(Exercise brief) Your reply should set down word for word each line below from the one with "Ancient Women Writers" through the final line, both included, but none of the pictures.

Start of Dataset excerpt

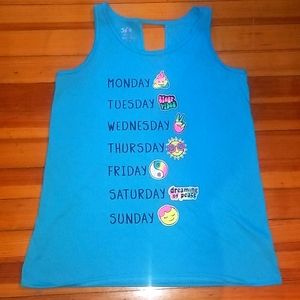 (Not used) Kids pajama tank top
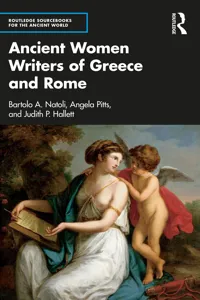 Ancient Women Writers of Greece and Rome_cover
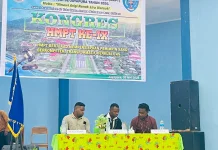 HMPT Jayapura Gelar Kongres ke-IX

End of Dataset excerpt

(Solution to the exercise)
 Ancient Women Writers of Greece and Rome_cover
 HMPT Jayapura Gelar Kongres ke-IX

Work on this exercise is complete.